Implementation wise, it is not that different from a query with many joins anyway - which is a standard problem, and is addressed by materialized views as well as indexing. So as long as the complex queries don't need to be ad hoc and real time, I can prepare for them using materialized views.
However you are quite right in that complex, ad hoc, and realtime graph queries Will be a pain point. That is a risk I am prepared to tolerate in the short term. The thing is, I also need transactional integrity, so I am stuck with an rdbms as the primary solution. In the long term, I anticipate the need for both graph queries and transactions - thus, I think it is better to start with postgres and incorporate a graphdb as the need arises than the other way round.
Hopefully this line of reasoning make sense? I am really not experienced at this, so am trying to not bump into too many walls.
Implementing a graph on top of a RDBMS is trivial, and if the semantics are correct (the same as the ones exposed by a graph db?), then I'm not sure why would people want to use a proper graph db.
I thought that probably it'd be an issue of performance: the "right tool for the job" that "does one thing and does it well" probably is leaner and more efficient. After all, unlike a trivial implementation, getting a graph on a RDBMS to perform well might not be that simple after all (still, your idea of inheriting tables might make things more flexible and maybe more efficient)
But then, when looking up some Neo4j benchmarks, the numbers seems to not be good at all:
http://baach.de/Members/jhb/neo4j-performance-compared-to-my...
I'd like to hear from someone that used Neo4j (also, other graph databases are interesting) in production, and benchmarked it against a RDBMS prototype, finding the former as the better solution of the two.
A proper graph db is almost mandatory if there are complex, ad hoc queries that need to be made on real time data.
Using an RDBMS is great if the graph query types are going to be known in advance - so they can be prepared for using materialized views and indexes, and if they aren't too complex - so one doesn't descend into JOIN-hell.

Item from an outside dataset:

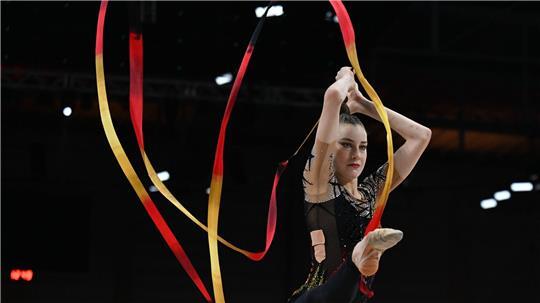 Turnen/Rhythmische Sportgymnastik: Deutsche Meisterschaft, Entscheidung Band, Frauen. Darja Varfolomeev mit ihrer Übung.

But most applications aren't like that, and not all applications can be completely satisfied using only a graphdb. Hence the rise of the new multimodel databases like OrientDB and ArangoDB. So I think it is a question of what risk one is prepared to tolerate.

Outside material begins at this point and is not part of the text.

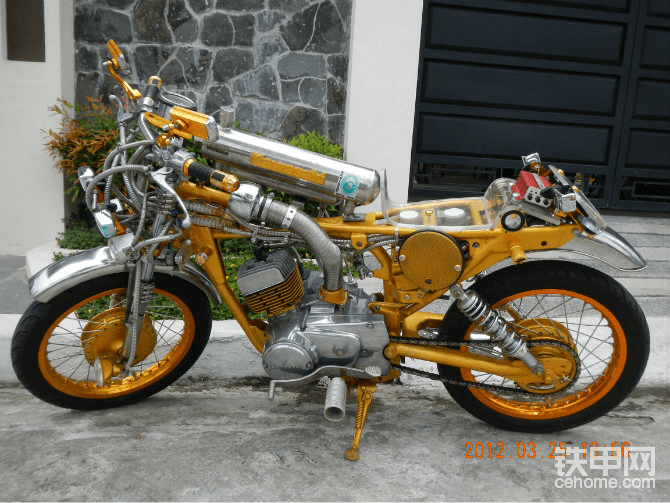 岛上的摩托车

https://github.com/jhb/neo4j-experiements/blob/master/query_...
There's no way that a single HTTP request is responsible for a difference in hundreds of seconds
(his benchmark code isn't really sound, but I don't see how this can affect a difference so striking)
You could test out 3 or 4 different SPARQL solutions in the time that it would take you to develop something graph like on your own.
On the other hand, cutting edge approaches, actually take a graph representation of data and lay it out in a relational manner. http://ercim-news.ercim.eu/en96/special/monetdb-rdf-discover... giving the best of both worlds.
In short you can build something yourself. But don't expect that it will be better than something build and supported by someone else.
So investigate the competition: BlazeGraph, Virtuoso, StarDog, Oracle 12c EE/semnet, DB9, Dydra before deciding to build your own. Building your own because its fun to do is great, but unless it pays your bills not a good idea for production environment.
PS. The edge table (EAV) is the major problem, it leads to a lot of self joins and difficult exercises for the query planner.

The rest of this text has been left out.